Now consider dragonflies. As well as being able to detect blue, green and red wavelength light, they can also perceive light beyond human visual capabilities, including ultraviolet light and polarised light reflecting off water. Some scientists have described dragonflies as perceiving in ultra-HD due to their possession of 30,000-plus ommatidia (the facets of an insect’s eye, which are individual photoreceptor units). Their perception of a mosaic of partially overlapping images also allows them to see in multiple directions at the same time.

Perhaps humans have a better deal than the garden snail, which cannot perceive colour at all or focus its vision; but at the same time, are we missing something when it comes to our relatively narrow perception of the light spectrum in comparison to dragonflies? Given their superior light-detecting capabilities, do dragonflies have a more realistic view of the world?

dragonfly
Dragonfly Reflections
© Woodrow Cowher 2019 woodrawspictures.com

Locked In

John Locke (1632-1704) was sceptical of the view that colour is out there in the world, inherent in physical objects themselves. According to his philosophy of perception, what we perceive directly in our experience are not the objects themselves, but rather ‘copies’ of physical objects in our minds – what we would nowadays call ‘sense data’. These so-called ‘secondary’ sensory qualities we perceive are aspects of our perception and not of the objects themselves independent of our perception. So, the redness of the apple is not a property of the apple itself, but rather a property of the image of the apple in our minds.

Locke rather problematically asserted that our sense data ‘resemble’ the physical objects from which they are derived. This is problematic since, according to his account, we only ever perceive sense data, not physical objects themselves. But how can he claim that one thing resembles another if he has only ever seen one of those things? It’s akin to claiming “Oh yes, Steve really looks like his uncle” without ever having seen Steve’s uncle.
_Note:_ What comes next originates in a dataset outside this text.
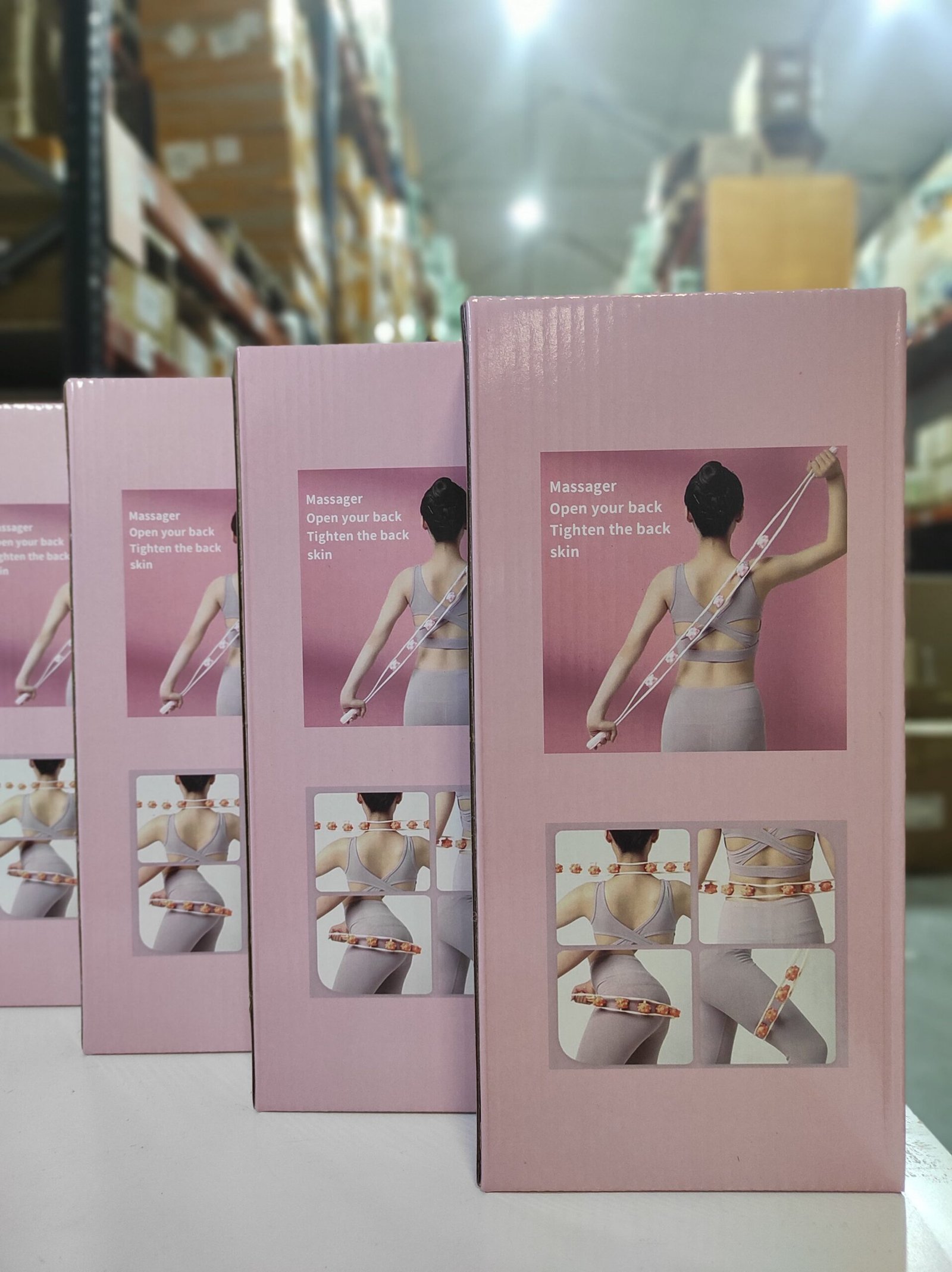 Rodillo manual de masaje corporal con 6 bolas giratorias – blanco y rosa - Imagen 7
Claiming resemblance without familiarity with both of the things being compared is nonsensical.

There’s a further problem with Locke’s theory, again regarding his assertion that we only perceive qualities resembling objects and not the external physical objects themselves. Scepticism of not only the nature but also the very existence of the external world looms if we cannot see beyond the veil of sense data. If we only ever perceive representations, how can we know if a mind-independent world of physical objects lies beyond it? Locke’s answer is that the coherence between our senses indicates an external world lying beyond them. For instance, when making an initial judgement of an object as being ‘smooth’ after a fleeting glimpse of that object, we can use our sense of touch to corroborate the evidence provided by our eyes. Further support for the view that there is an external physical world could be gained through the similarities in experience between one human and another that can be communicated through language and aligned behaviour.
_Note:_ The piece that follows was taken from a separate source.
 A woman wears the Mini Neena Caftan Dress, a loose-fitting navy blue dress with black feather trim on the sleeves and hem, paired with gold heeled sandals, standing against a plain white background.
Kant’s Copernican Revolution

But perhaps we’re thinking about the relationship between the world and the mind in the wrong way, if we assume that we must strive to simply conform our understanding to the world. Immanuel Kant (1724-1804) argued instead that the world must conform itself to the human mind. If this claim seems peculiar, we must take a step back and identify where this line of reasoning comes from.
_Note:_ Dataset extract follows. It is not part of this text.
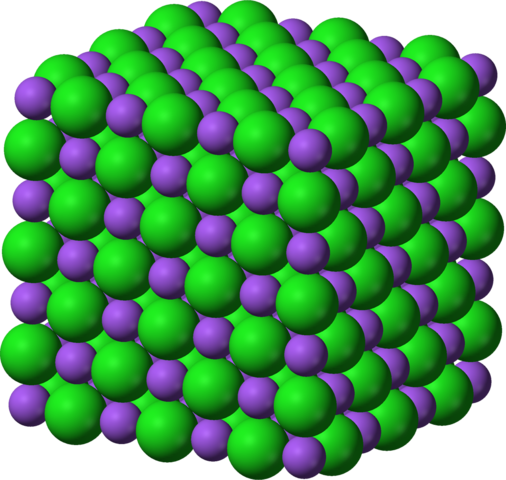 A cube made of tightly packed purple and green spheres. (chemical image of sodium chloride)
Copernicus (1473-1543) discovered that the solar system is heliocentric or Sun-centred and not, as previously accepted, geocentric or Earth-centred. Now of course this caused some controversy for Sixteenth Century European minds, with their Church-endorsed attachment to the focal point of the universe being the Earth. The Copernican Revolution challenged orthodoxy not just in science, but in religion too.

Kant was to formulate his own ‘Copernican Revolution’, as he himself called it; although his concern was the relationship between the external world and the human mind rather than the relationship between the Earth and the Sun. He drew a parallel with Copernicus’s revolution because instead of the external world (cf the Earth) being central in his philosophy of perception, for him the perceiving mind (cf the Sun) was central. Kant argued against the mind simply conforming itself to the external world, saying instead that the world must also conform itself to the mind perceiving it. In perceiving the world, people impose certain basic features on the raw data of their sense organs because of the human mind’s inbuilt structure. In other words, our perceptual experience is formatted by our cognitive arrangement, and anything external to us must conform to this arrangement to be perceived at all. This unfortunately means that what external objects are like in themselves can never be known.

Kant’s theorem entails that concepts (he called them ‘categories’) such as time are in-built aspects of the way our minds organise information as opposed to objective features of the world. We might say, time is inherent in the subject rather than the object. Consider a human looking at a dragonfly whizzing past. They perceive the insect as moving at a certain speed; but other species’ perception is different. For a turtle, it would appear to be moving at almost twice the speed; for many species of fly, ten times slower than for a human. This is due to animals’ brains processing their visual experiences at different speeds. For instance, brains receive images from eyes a certain number of times per second: a human brain will receive on average 24 images a second, turtles 15, and flies 250. This idea goes some way to illustrate Kant’s view of the subjectivity of time, as well as explaining why if you try to swat a fly you’re unlikely to be successful.

Further puzzles concerning whether or not our perceptual account of the world is accurate may arise from the physical processes involved in perception. For instance, light takes approximately eight minutes and twenty seconds to travel from the Sun to the Earth. This means that if the Sun suddenly ceased to exist, we would carry on with our lives in blissful ignorance for over eight minutes until the unfortunate news overshadowed us. But not only is there a time-lag between the Sun’s light reaching Earth, there’s also a time-lag in our everyday perception, since it takes time for the brain to process the information coming into our senses and create an experience of it for our minds. This means that we’re perceiving even everyday things not as they currently are but as they were milliseconds ago.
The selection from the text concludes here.